When you reach the line that holds "Fördermittel für die alte Schule", start copying exactly and keep going through the final line of the data, leaving out pictures.

━━ Data below

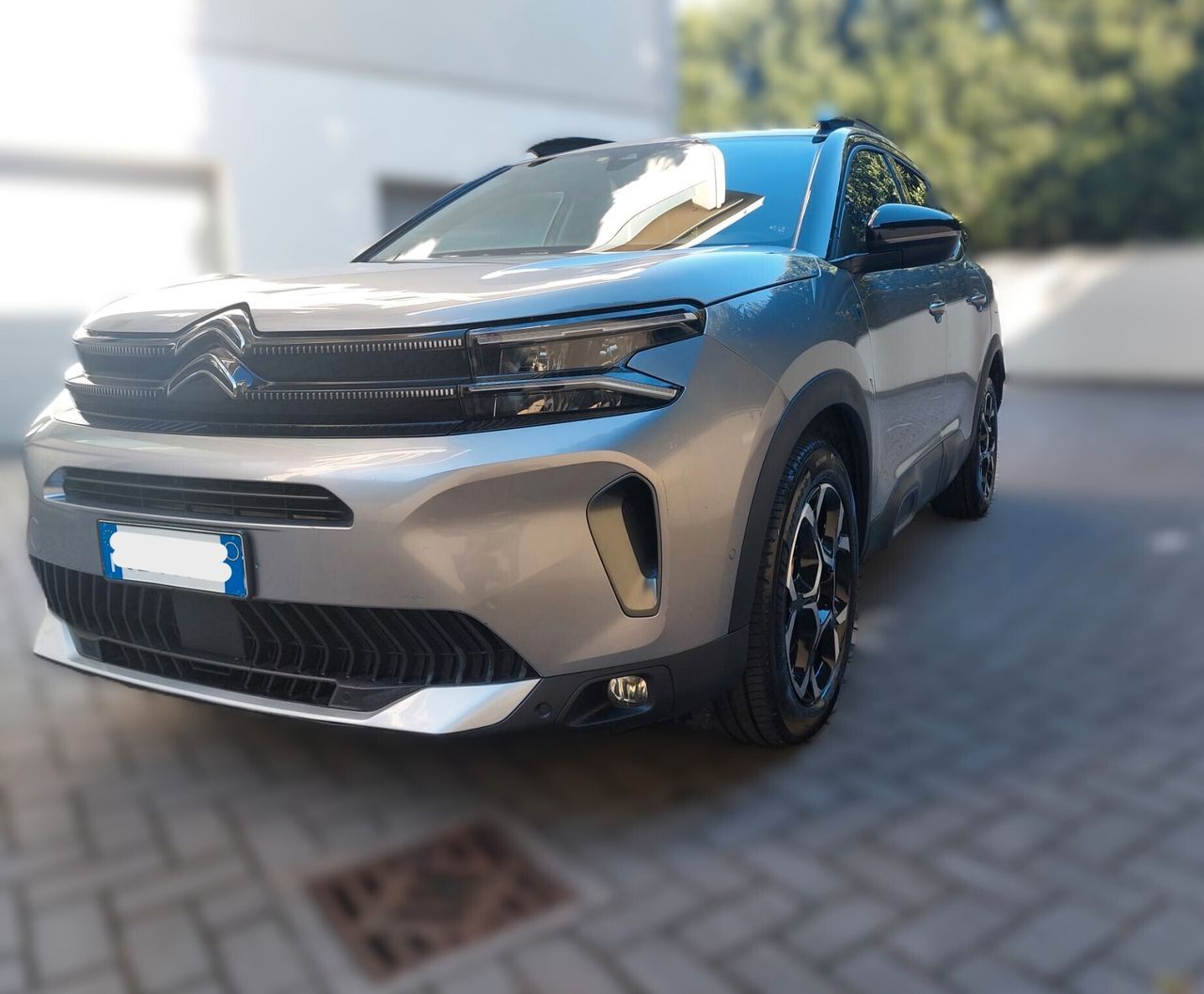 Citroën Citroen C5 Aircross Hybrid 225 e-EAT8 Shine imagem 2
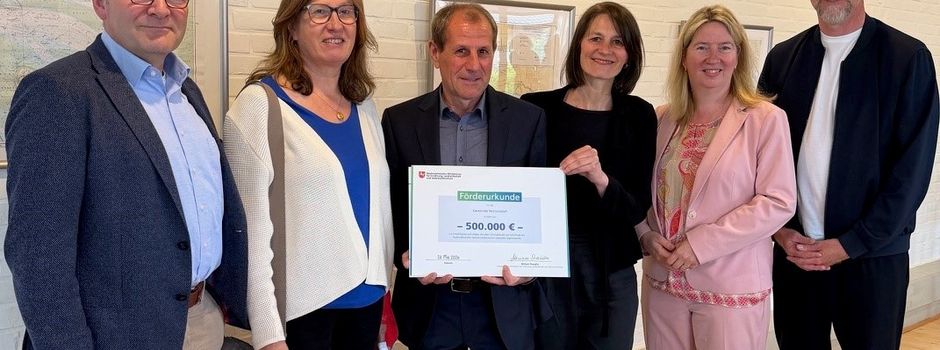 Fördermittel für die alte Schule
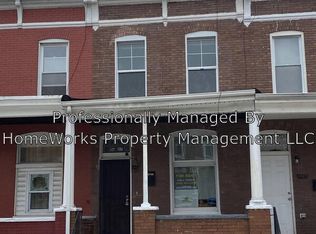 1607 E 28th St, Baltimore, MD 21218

━━━━

--- Solution to this exercise ---
 Fördermittel für die alte Schule
 1607 E 28th St, Baltimore, MD 21218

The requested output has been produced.